▶ GIVEN MATERIAL
________
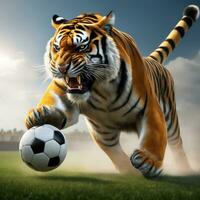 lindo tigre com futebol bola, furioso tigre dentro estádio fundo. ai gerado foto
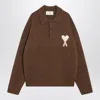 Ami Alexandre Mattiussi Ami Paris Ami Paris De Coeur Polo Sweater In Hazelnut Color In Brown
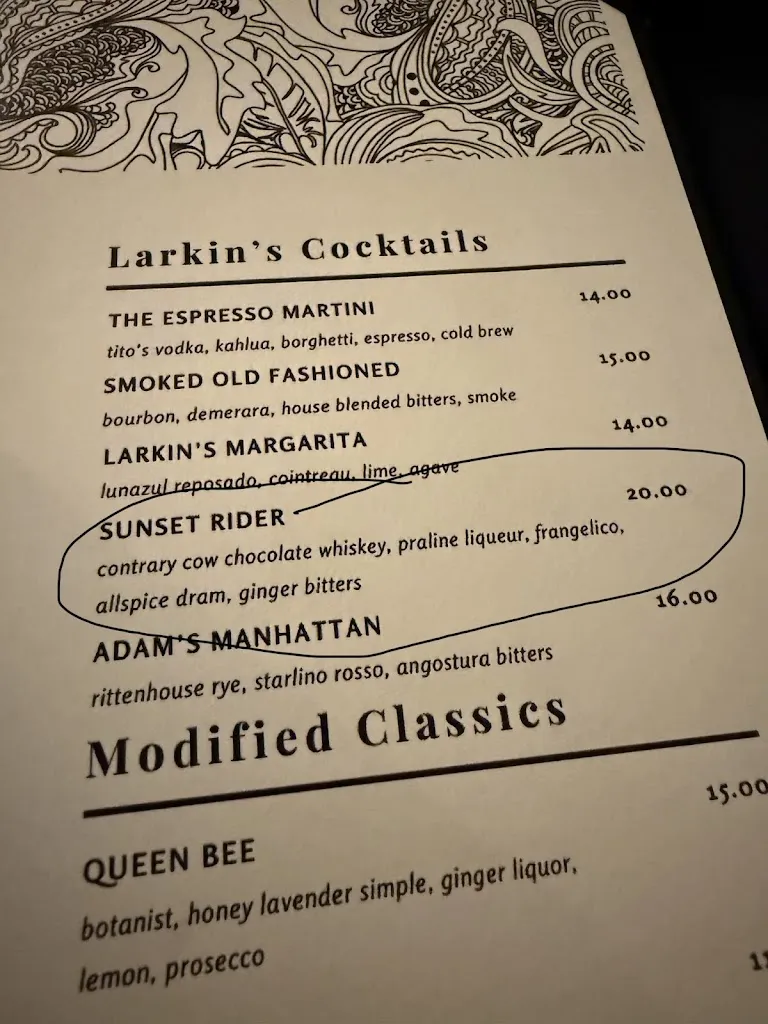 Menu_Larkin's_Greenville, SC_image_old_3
________
▶ WHAT TO WORK ON
The task requires that every line above be transcribed exactly, without the images.

▶ ANSWER SECTION
 lindo tigre com futebol bola, furioso tigre dentro estádio fundo. ai gerado foto
 Ami Alexandre Mattiussi Ami Paris Ami Paris De Coeur Polo Sweater In Hazelnut Color In Brown
 Menu_Larkin's_Greenville, SC_image_old_3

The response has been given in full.